The Mudcat Café TM
Thread #41992   Message #608248
Posted By: Suffet
12-Dec-01 - 07:33 AM
Thread Name: Origin: Plane Wreck At Los Gatos (background)
Subject: RE: Help: Plane Wreck At Los Gatos
To briefly summarize, a chartered airplane crashed on a hillside near Los Gatos Canyon, not far from Coalinga, California, on January 28, 1948. All 32 people aboard died. The wire service dispatches gave the names of the pilot, copliot, cabin attendant, and immigration agent aboard, but not the names of the 28 Mexican farmworkers being deported. Some had entered the USA illegally, while others had overstayed temporary work permits that expired when their work contracts ended.
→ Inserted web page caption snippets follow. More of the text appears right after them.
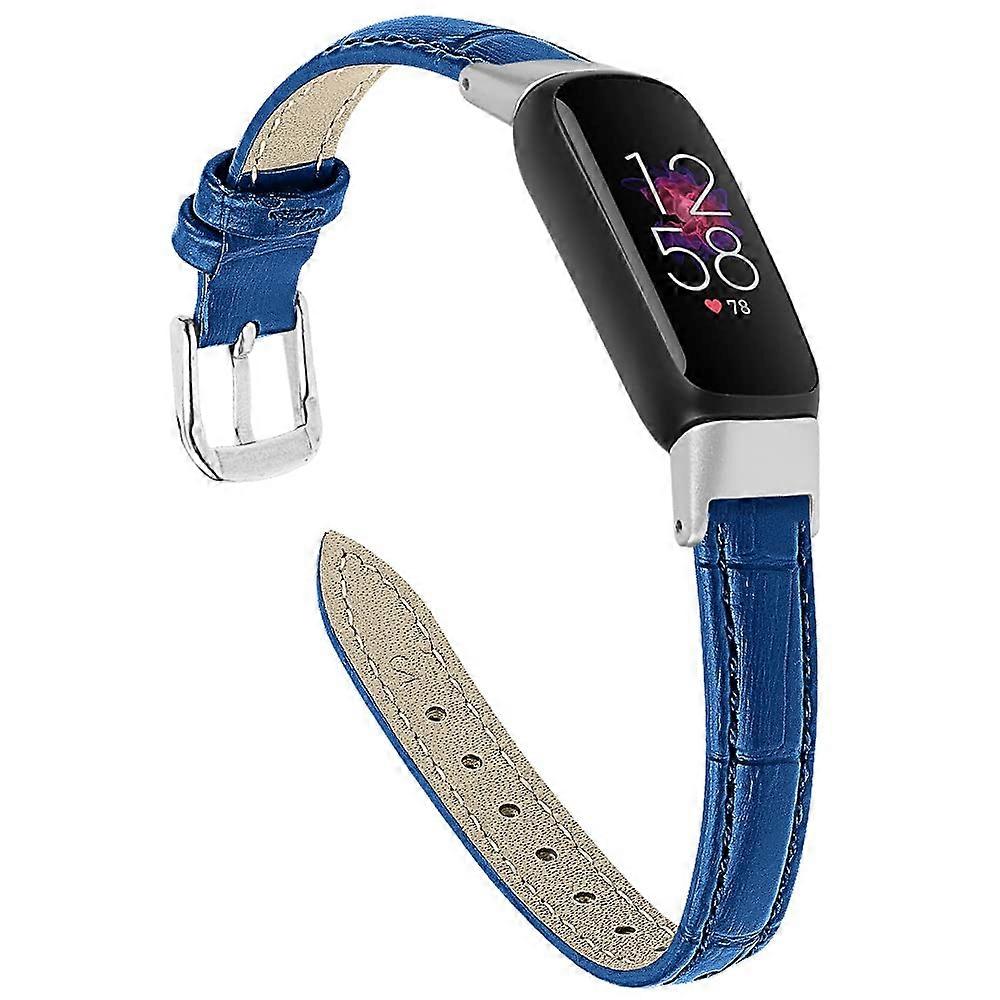 Leather Band with Secure Metal Connectors, Adjustable Elegant Strap Replacement Blue for Fitbit Luxe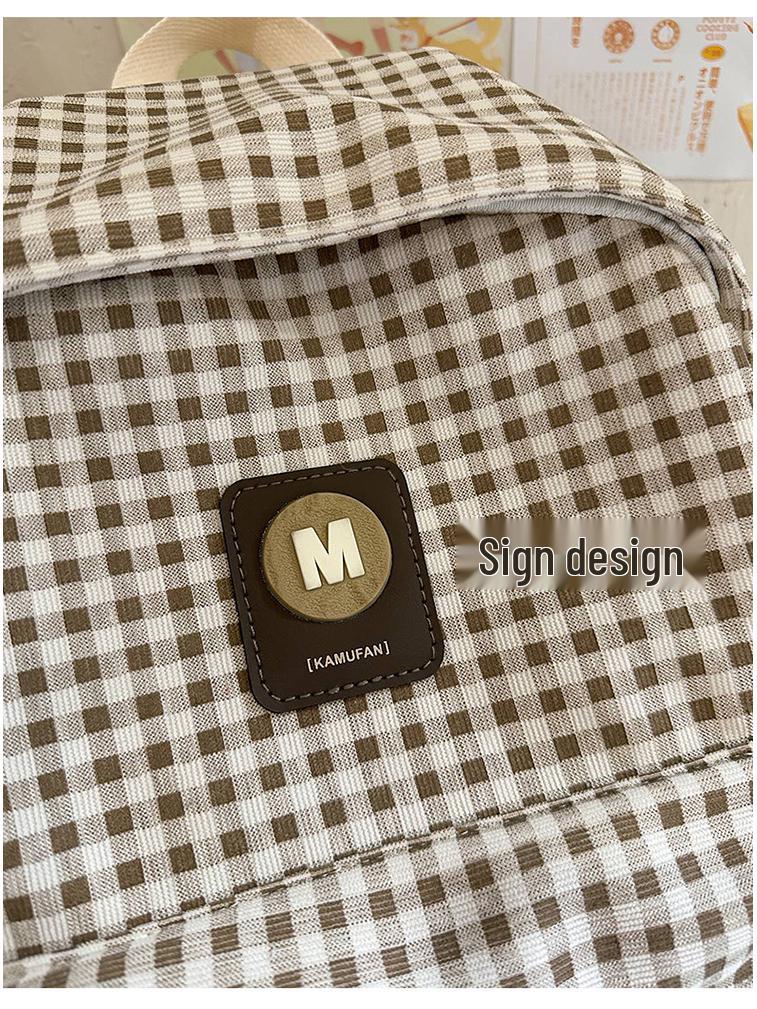 Vintage Plaid Women's Backpack - Lightweight, Versatile, Large-Capacity Bookbag for Commutes and Short Trips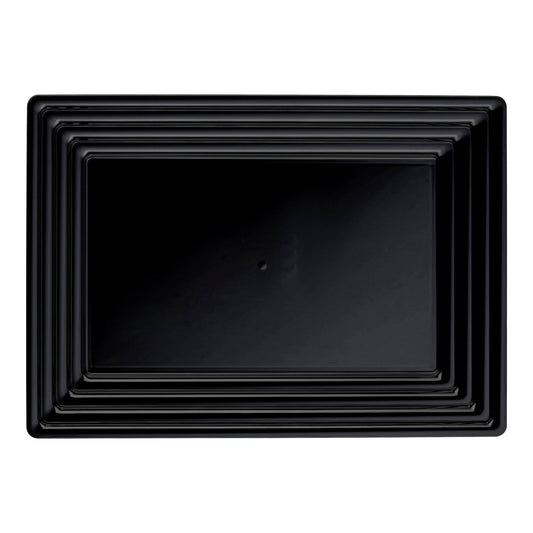 Black rectangular plastic serving tray with groove rim, perfect for elegant and practical food presentation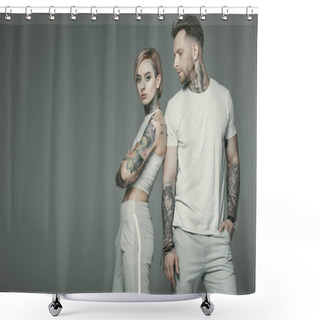 Personality  Stylish Tattooed Couple In Sportswear Posing Together, Isolated On Grey   Shower Curtains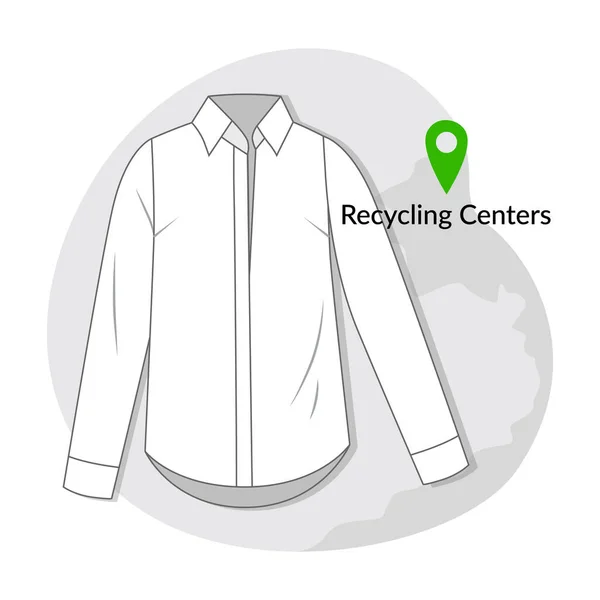 Der Recyclinghof auf der Karte markiert. Kleidungssymbol - weißes Hemd auf der Karte, Recycling von Kleidung — Stockvektor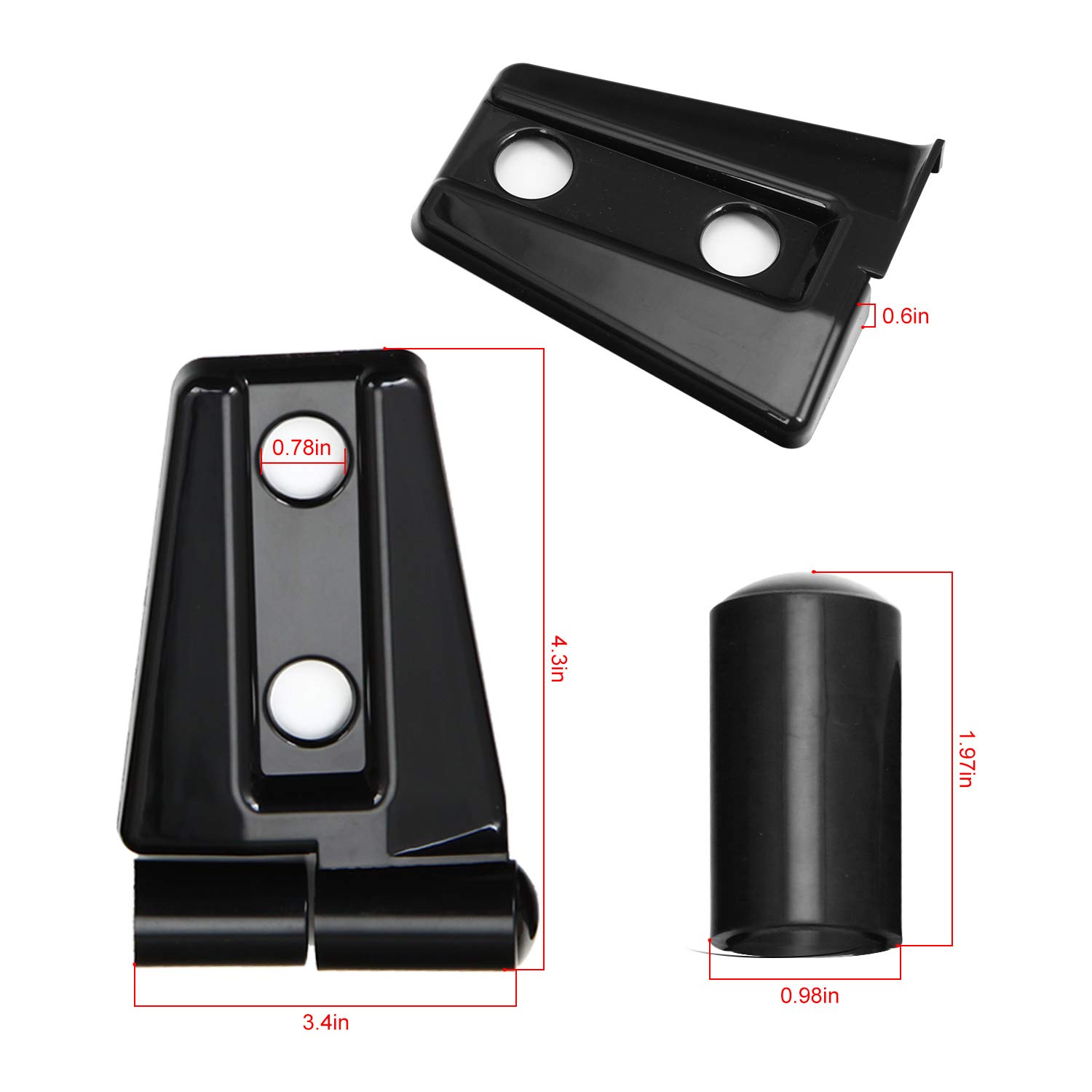JeCar Black Door Hinge Cover Trim Exterior Accessories for Jeep Wrangler JK JKU Sport Rubicon Sahara (2007-2018) - Durable Protection & Stylish Upgrade for Off-Road Adventures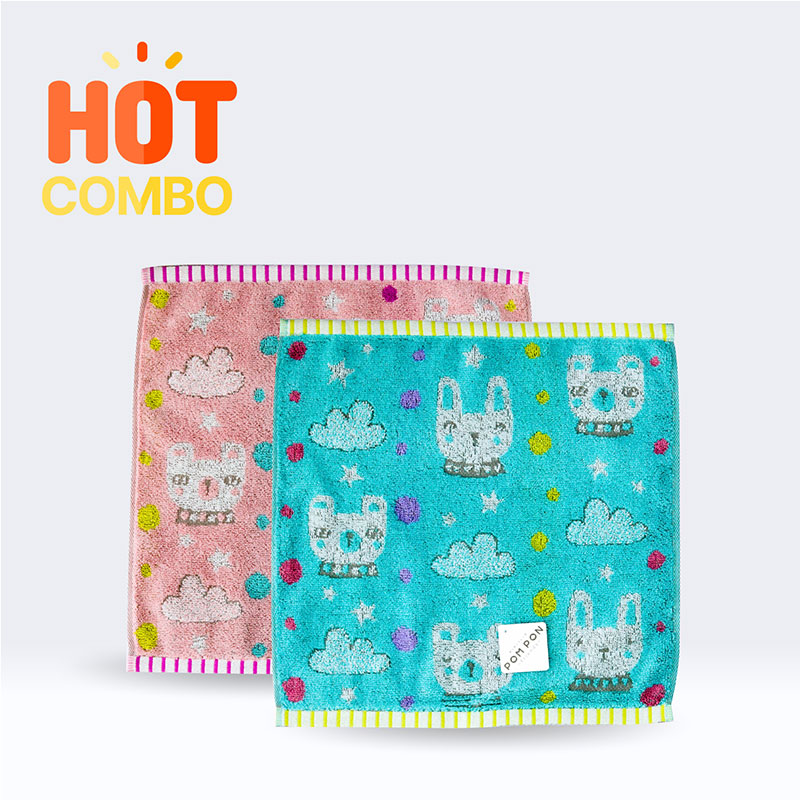 Combo siêu tiết kiệm 2 Khăn vải cotton Nissen 34x34cm Pom Pon Funifuni (Blue-Pink)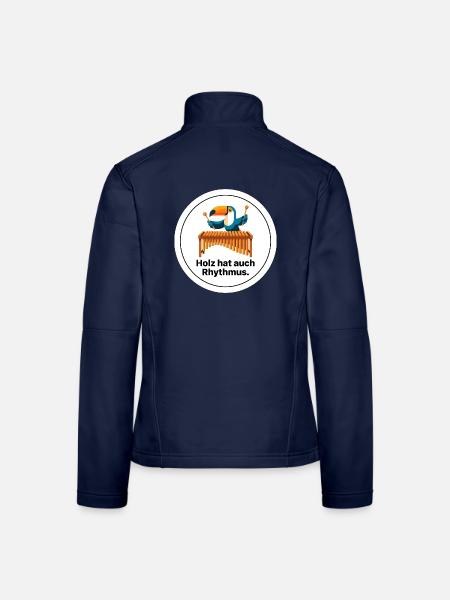 Tukan Marimba Xylophon Musiker Geschenk - Frauen Softshelljacke - Navy - Hinten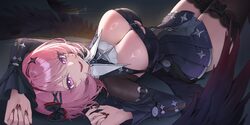 1girl absurdres black bow black dress black shrug black thighhighs black wings bow breasts cleavage commentary dress ha…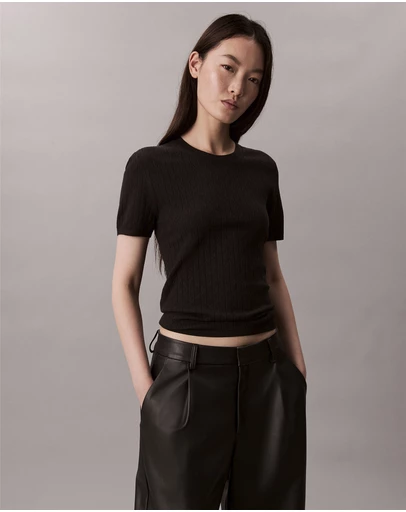 Calvin Klein - Pointelle Cap Sleeve Baby Tee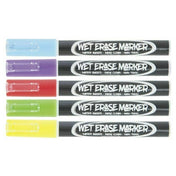 Hubert 82176 - Wet Erase Marker Set, 5-piece, Fine Point
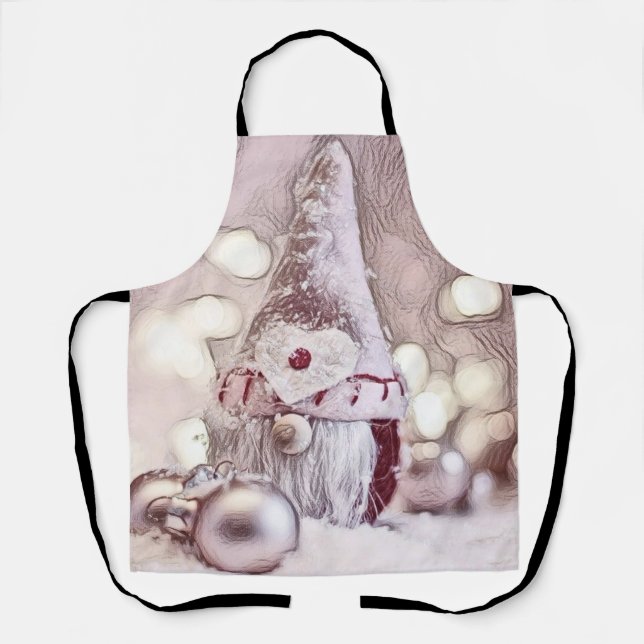 Rosa Gnome in der Schneewasserfarbe Schürze (Vorderseite)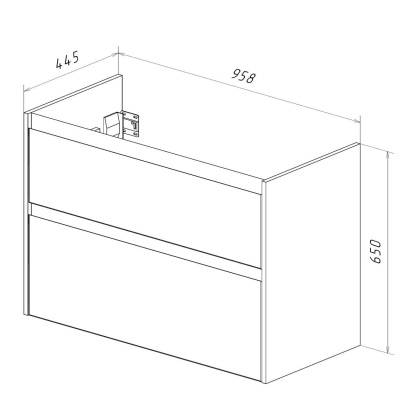 Тумба Lemark COMBI 100см под 1 раковину, подвесная/напольная, 2 ящика, цвет фасада: Дуб кантри, цвет корпуса: Белый глянец
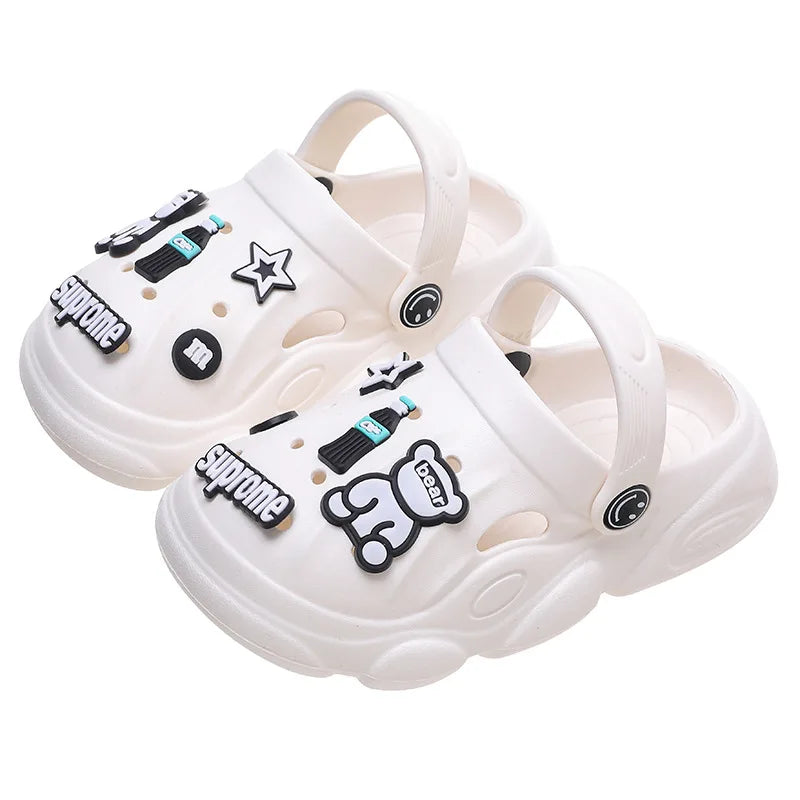 Infant Shoes Flip Flops for Children's Mules Baby Slippers Clogs Wear Hole Sole Kids Boys Sandals Summer Beach Platform Soft Diy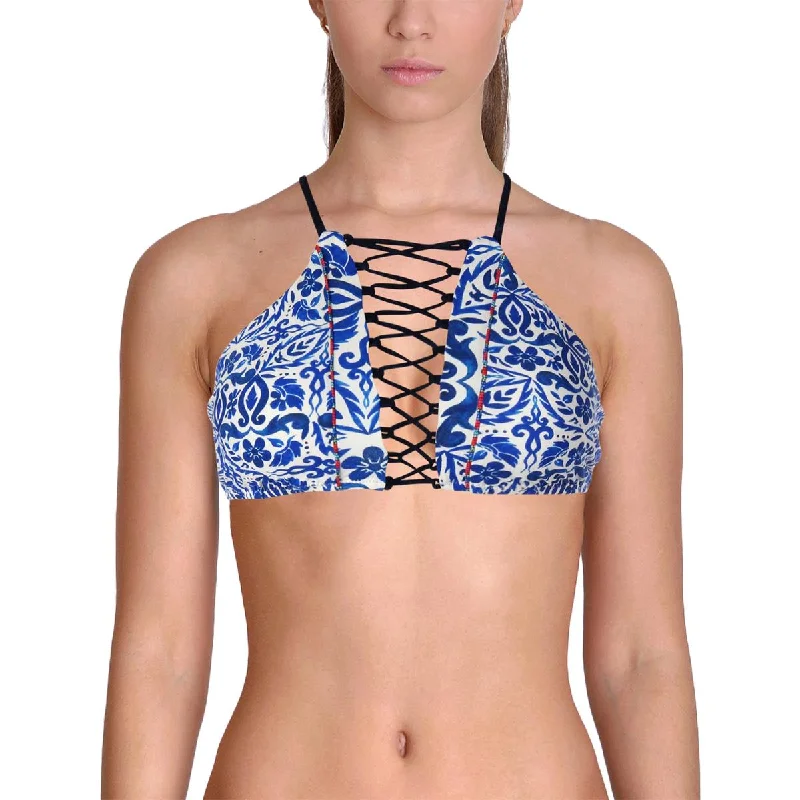 Fashionable Women's Wardrobe Talavera Womens Floral Print Halter Swim Top Separates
Woody Guthrie heard the story on the radio and/or read it in the newspaper, and then wrote the song. His original tune, which he most likely performed at a Peoples' Artists hoot in New York, was uninteresting. It has been described as a nearly monotonous chant.

About 10 years later a young folksinger named Martin Hoffman wrote a new tune, the one with which we are all familiar. First Cisco Houston and then Judy Collins recorded "Deportees" using Hoffman's tune, and the song quickly became an standard among American folkies.

It is doubtful that Woody Guthrie ever sang the Martin Hoffman tune -- he certainly was too far gone from Huntington's disease to sing it in public by then -- but it is well known that others sang it to him, particularly when he was out on weekend passes from Greystone Hospital in New Jersey.